The reanalyses mostly capture the general shape of moisture profiles at times when thick cloud layers extend close to the surface, below 900 hPa (Figs. 10c,d). However, the reanalyses often strongly underestimate the strength of the near-surface specific humidity inversions in these clouds. These inversions may also be simulated at the wrong height. As a result, the reanalyses often have a dry bias at the lower levels of these clouds (Figs. 10c,d). For example, on 25 May ERA-I, CFSv2, and MERRA-2 have large dry biases for both the specific and relative humidity below 850 hPa. Interestingly, on 25 May ASRv2 simulates the most accurate moisture profile, and on 2 June ASRv2 has the largest dry bias among all reanalyses.
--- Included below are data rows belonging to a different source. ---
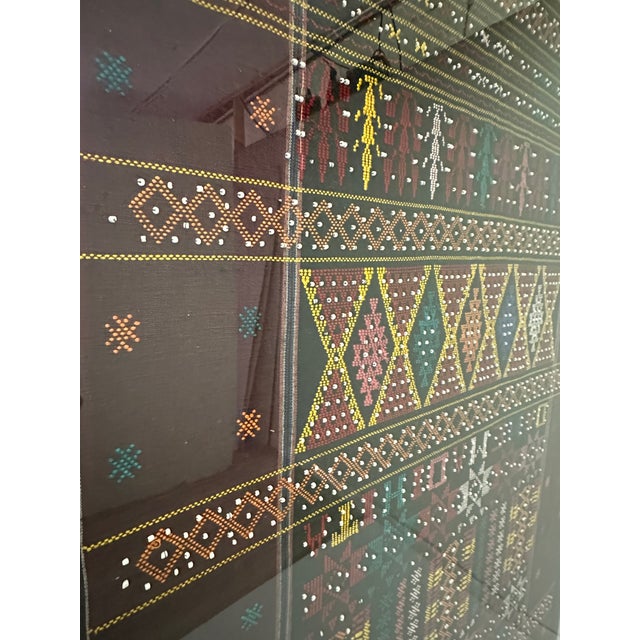 Very large detailed antique Baluch Afghanistan tribal nomadic kilim runner rug framed expertly in lucite. Features...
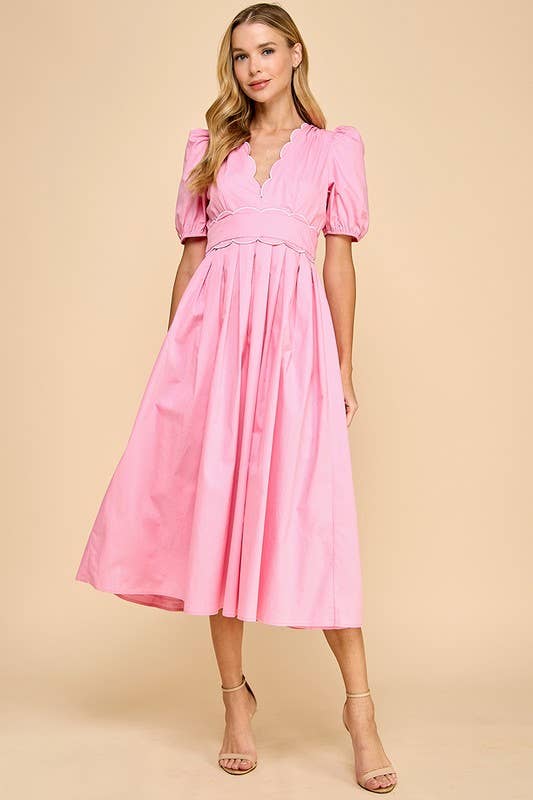 V- Neckline Scalloped Detail Midi Dress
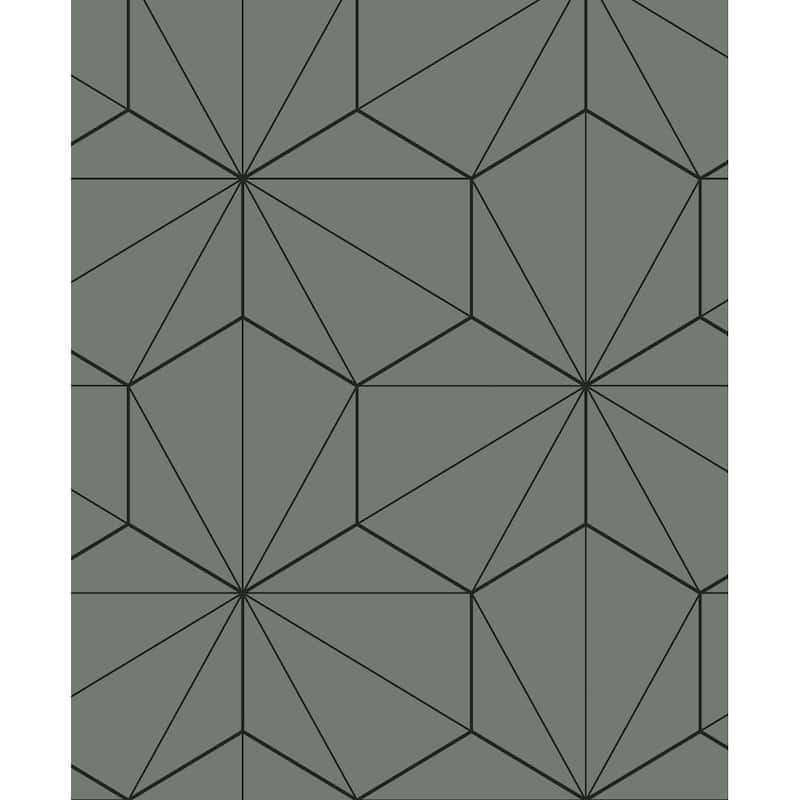 Seabrook Designs Hedron Geometric Non-Woven Unpasted Wallpaper - 20.9 in. W x 33 ft. L - Pavestone & Ebony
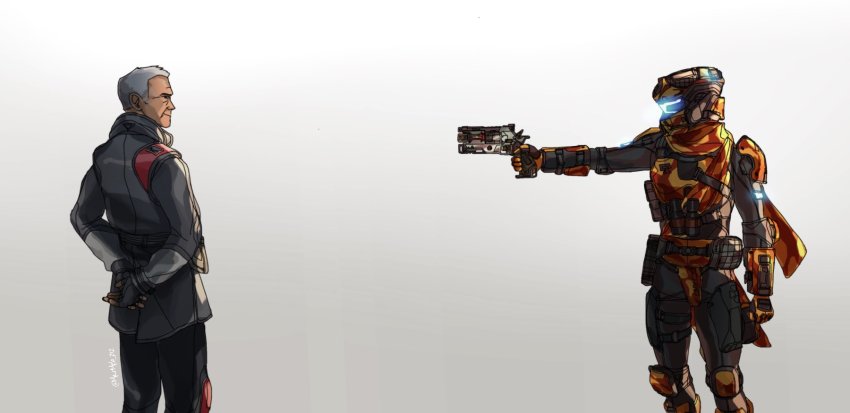 2boys animification armor arms_behind_back assault_visor b3_wingman black_bodysuit black_gloves black_jacket black_pants bodysuit elias_marder fingerless_gloves gloves glowing gradient_background grapple_pilot_(titanfall_2) grey_hair gun hair_behind_ear handgun helmet highres holding holding_gun holding_weapon jacket kotone_a male_focus multiple_boys orange_armor pants pilot_(titanfall_2) shoulder_armor smile titanfall_(series) titanfall_2 weapon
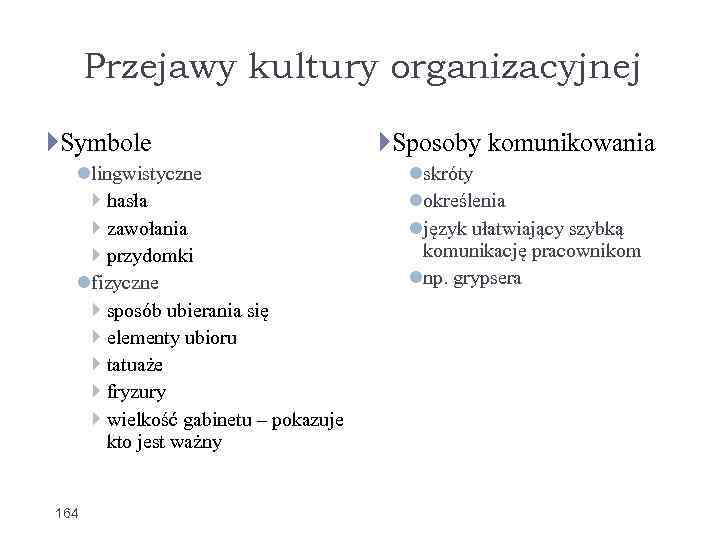 Przejawy kultury organizacyjnej Symbole lingwistyczne hasła zawołania przydomki fizyczne sposób ubierania się elementy ubioru
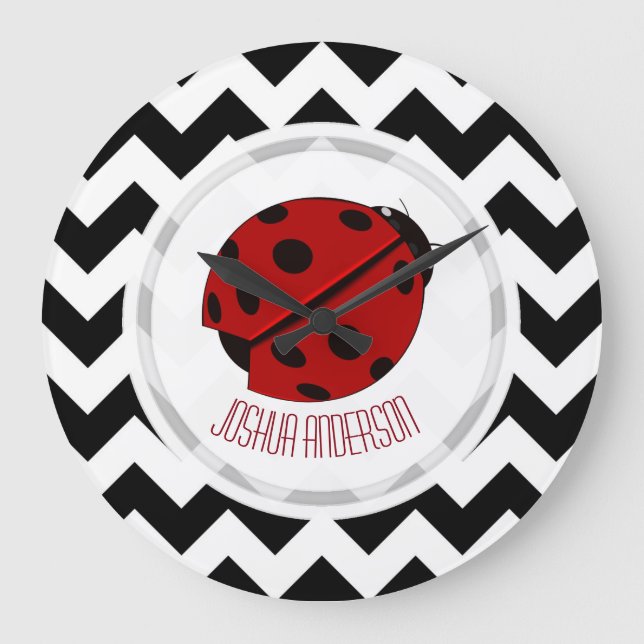 Personalised Ladybug Wall Clock (Front)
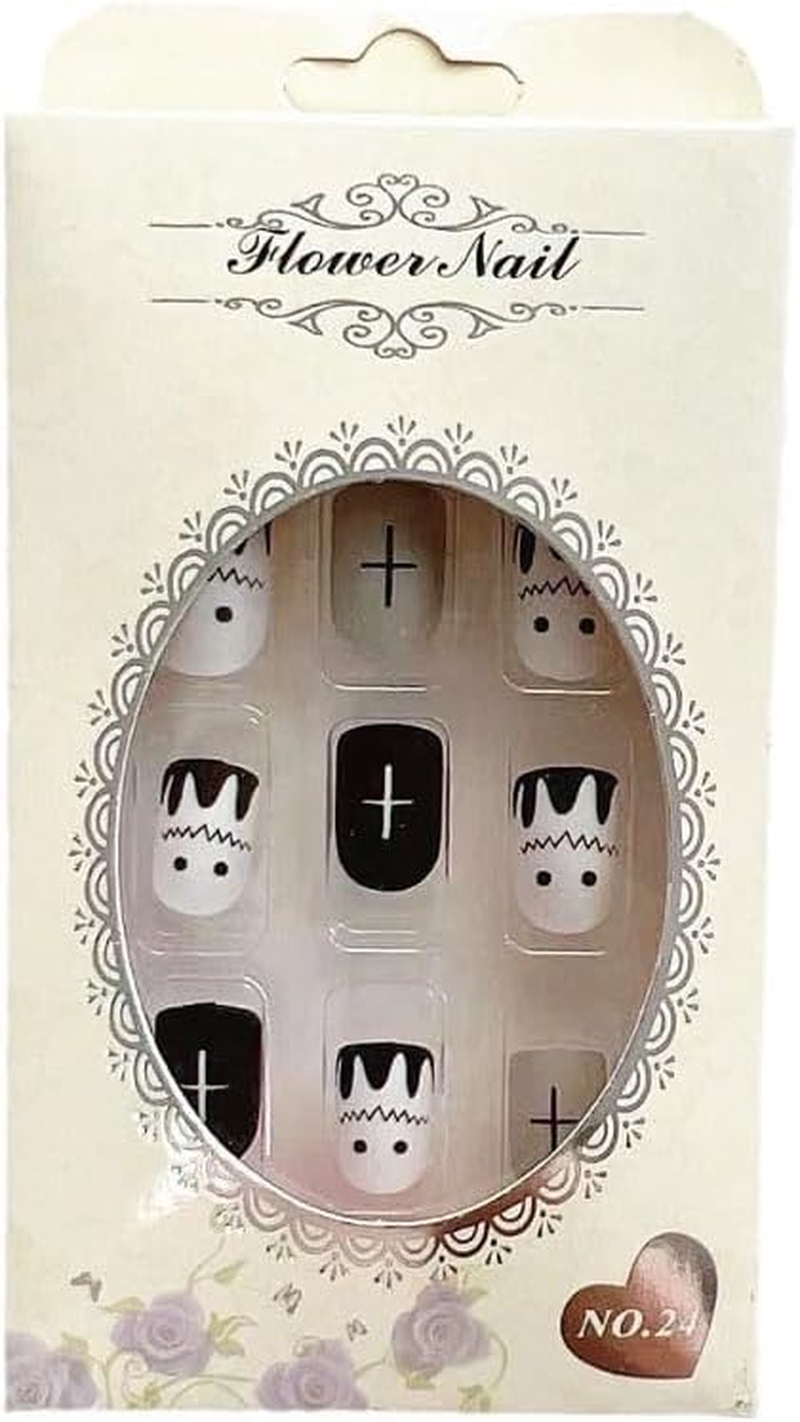 Ztcily False Nails Short Square Matte Black and White False Nails Halloween Punk Style for Women Girls Gift Accessories image number 4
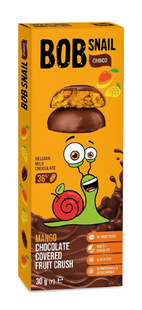 PRZEKĄSKA CHOCO MANGO W CZEKOLADZIE MLECZNEJ BELGIJSKIEJ BEZ DODATKU CUKRÓW BEZGLUTENOWA 30 g - BOB SNAIL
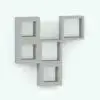 Rectangular configuration 2. Different shelf thicknesses and rendered in ambient occlusion.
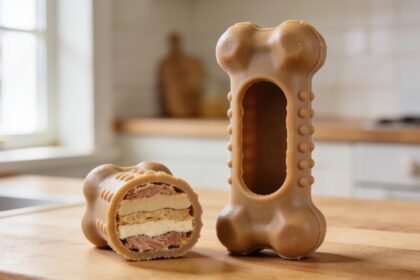 A hollow rubber dog toy shown in cross-section on a kitchen bench, with visible layered filling inside.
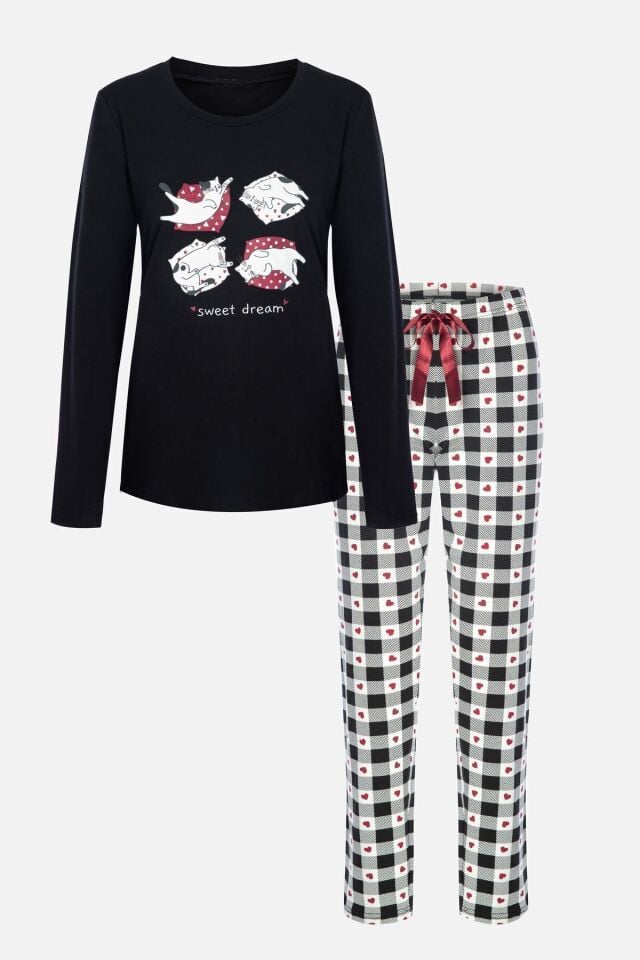 Kadın Desenli Pijama Takımı Çok Renkli - M - Çok Renkli - M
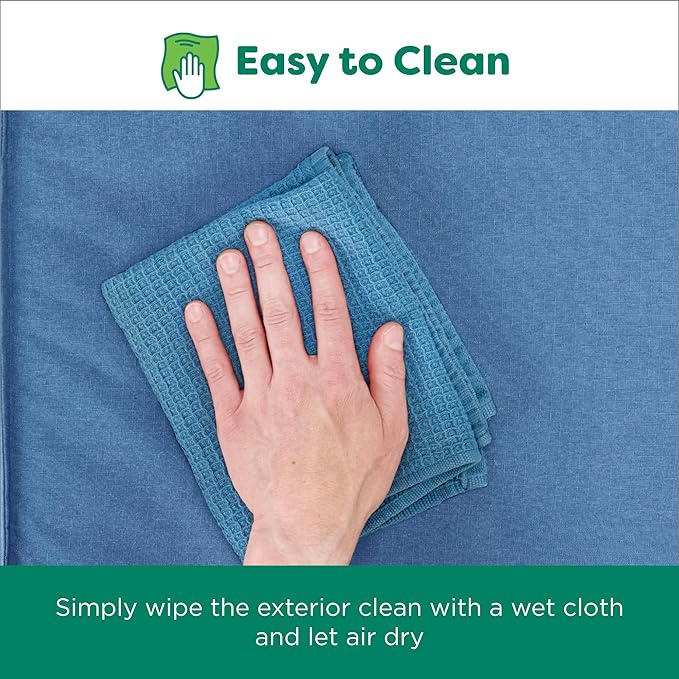 FurHaven Cooling Dog Bed – Medium Foam Mattress for Joint Pain Relief, Waterproof Liner, Removable Washable Cover, Durable for Outdoor Use, Deluxe Grid Indoor/Outdoor Bed – Blue, Medium-PawvioPets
The reanalyses typically perform worst at times when multiple cloud layers are observed (Figs. 10e,f). All of the reanalyses fail to capture the small-scale variability in the specific and relative humidity in these layers, and often the reanalyses underestimate the specific humidity within the cloud layers. As a result, the cloud layers in the reanalyses are either absent, too thin, or at the wrong height (Figs. 10e,f).
The reanalyses mostly simulate the shape of temperature and wind profiles well in spring and summer, including the six examples shown here (Fig. 11). However, the reanalyses frequently underestimate the strength of surface, elevated, and/or cloud-top temperature inversions. For example, on 25 May all of the reanalyses simulate the observed cloud-top inversion at 825 hPa (Fig. 11c). However, the strength of this inversion is substantially underestimated in all reanalyses. The strong inversion in the observations likely indicates the presence of a cloud-top liquid water layer. Such layers of cloud liquid water generate strong radiative cooling, leading to the formation of inversions (Morrison et al. 2011). Reanalyses are known to underestimate the concentration of liquid water in Arctic clouds (Pithan et al. 2016, 2014; Engström et al. 2014; Wesslén et al. 2014; de Boer et al. 2014). The absence of this cloud liquid water layer in the reanalyses, or presence of less liquid water, would result in less radiative cooling and thus a weaker cloud-top inversion, as we see (Fig. 11c). Small cloud-top inversions are also visible in the observations for the elevated cloud layers at 850 hPa on 30 April and 750 hPa on 6 May (Figs. 11e,f). However, temperature inversions are not visible at these heights in any reanalysis. This could indicate that the cloud layers are absent in the reanalyses, or that the vertical resolution of the reanalyses is not sufficient to accurately resolve these features. Cloud liquid water and ice content measurements are not available for N-ICE2015, and so cannot be evaluated further here.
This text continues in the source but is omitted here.